June 25th, 2009 · 1 Comment

I am letting several bright lights chard plants go to seed this year. These particular plants survived our insanely cold and snowy winter without any protection, so in my book they are survivors and it would be well worth keeping thier progeny around. We save some other seeds around here each year. Obviously the simple stuff like tomatoes and arugula, and Gary saved some cabbage seed last year as well. But here is the issue with the whole ‘urban’ self sufficiency thing. I need more room!

While the chard plants above are beautiful in thier own right – they are taking up a LOT of summertime growing space. I have to constantly do a cost/benefit analysis of the items in our limited garden space. Letting this chard go to seed means we will have plenty of seed for successive years. That seed will feed us well and ideally for a longer period of time since we have selected for plants that showed the most resilience in the cold. But for now, that chard is taking up the space that my tomatoes would be occupying. It is a constant assessment and reassessment game. Delicious fresh greens in the fall and winter means that many fewer quarts of ruby tomatoes for this year.

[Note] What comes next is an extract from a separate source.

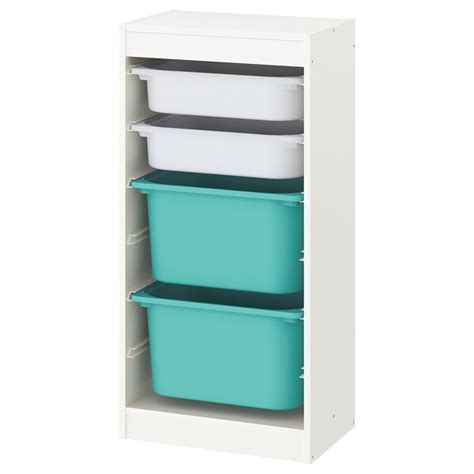 This effect was made pretty much exclusively out of trofast toy storage boxes affixed to the walls and ceiling: TROFAST Storage combination with boxes - white, white ...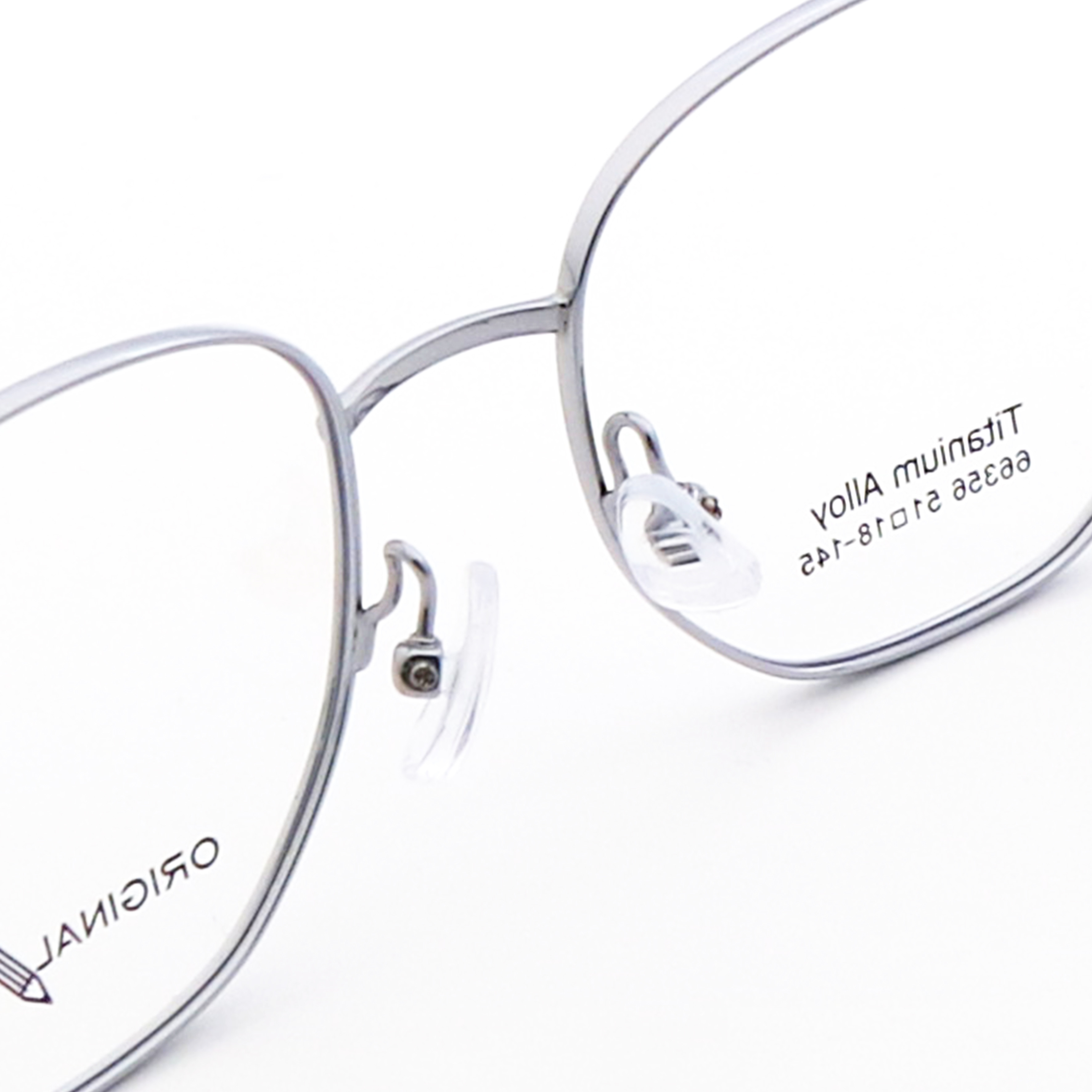 Square Eyeglasses Frames Temple Adjustable β Titanium Unique 66356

For the most part I think I am reconciled to mostly just saving seed for annual plants. Those plants that take 2 years to produce seed simply don’t pay back enough for the space they occupy on our little eighth of an acre.  All of this garden economic theory aside, I do get a simple joy out of watching the full life cycle of these plants. So many of our crops we harvest and consume without a thought to what they may look like at the peak of thier maturity. Sometimes it becomes an entirely different animal alltogether…

Tags: Gardening

1 response so far ↓

  • 1 Girish // Jul 16, 2015 at 10:52 pm

    Each seed will make on plant. Not all seeds grow though, so plant more seeds than you need. When you plant your seeds, fololw the directions on the package. It will tell you how much dirt to put on top, how far to space each plant, and how long it will take for the seed to start growing. Water your plants whenever the soil feels dry. You don’t want to over-water them so just make sure the soil is always damp.The best planters to start seeds are small styrofoam cups. Poke a little hole in the bottom to let the extra water out. Put that cup inside another one, without a hole, to catch th ewater so it doesn’t make a mess. Good luck on your planting and on your project!